House Rock, Arizona


House Rock is an ghost town near the northwest end of the House Rock Valley in northern Coconino County, Arizona, United States. The community was named after the House Rock Valley, which was named by the John Wesley Powell Expedition in 1871.

Description

The mostly abandoned locale is just east of the Kaibab National Forest and the mouth of House Rock Canyon at the southwest corner of, but just outside of, the Vermilion Cliffs National Monument. Little remains of the community, other than a few houses and a small cemetery, but the site is an important road junction for access to the nearby national monument, being the southern terminus of House Rock Road. Since the monument is surrounded on the north, east, and south sides by the Paria Canyon-Vermilion Cliffs Wilderness Area, the only possible road access is from the west.
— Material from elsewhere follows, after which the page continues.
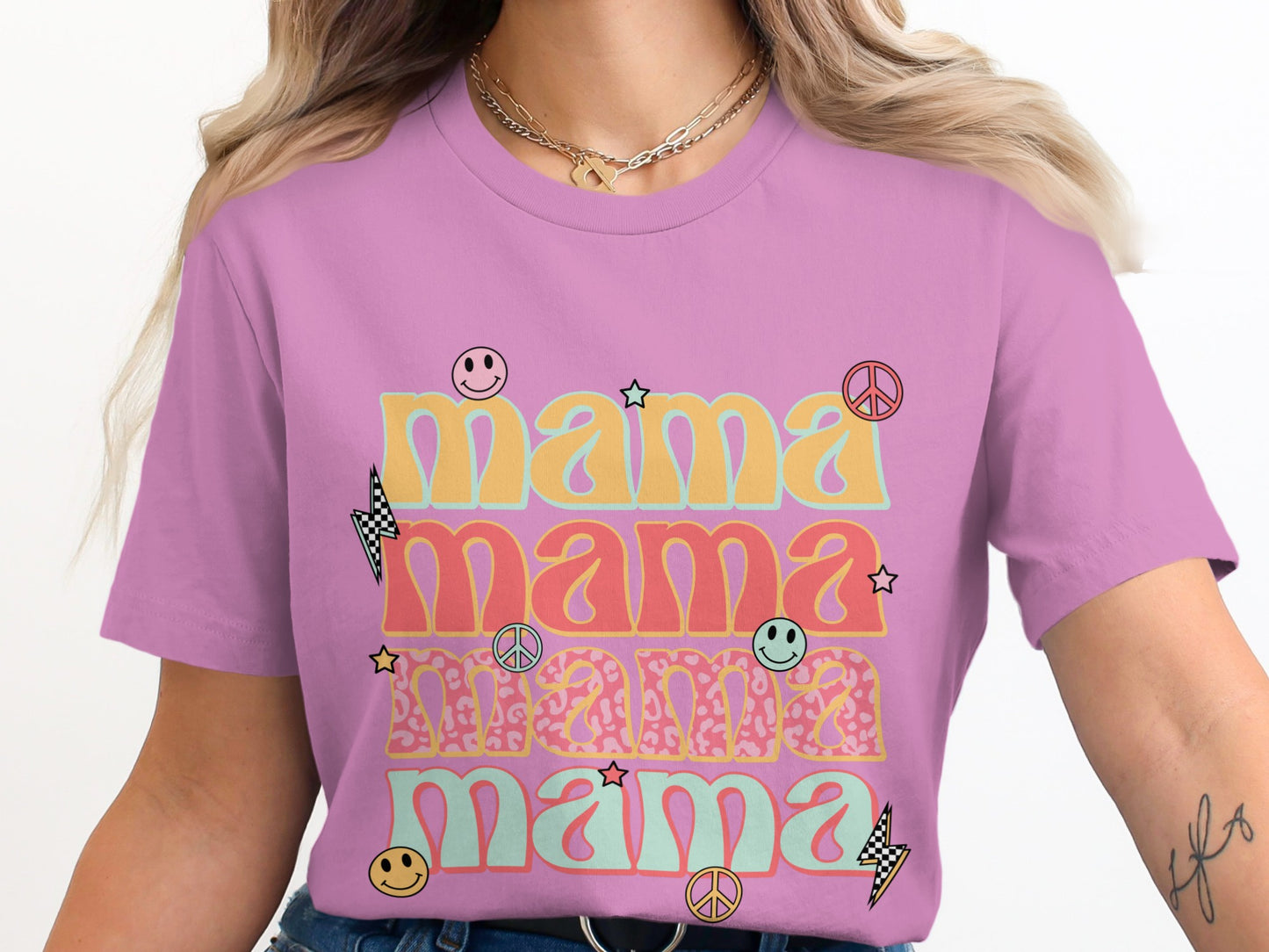 Colorful Retro Mama Graphic T-Shirt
House Rock Road runs along the western edge of the monument, north from House Rock, through the length of the Coyote Valley, to end at US‑89 at the southern end of Five Mile Valley in Kane County, Utah.

History

Not much information is available regarding specific history of House Rock, but it did begin appear on maps produced by the United States Geological Survey as early as 1936. With the construction of US 89 in the early 20th century, it would likely have been a somewhat significant location, since the nearest communities along US 89 were Jacob Lake and Cliff Dwellers Lodge --that later community of which is sometimes confused with House Rock.

In popular culture

One of the houses in House Rock was featured in the February 2014 edition of Arizona Highways.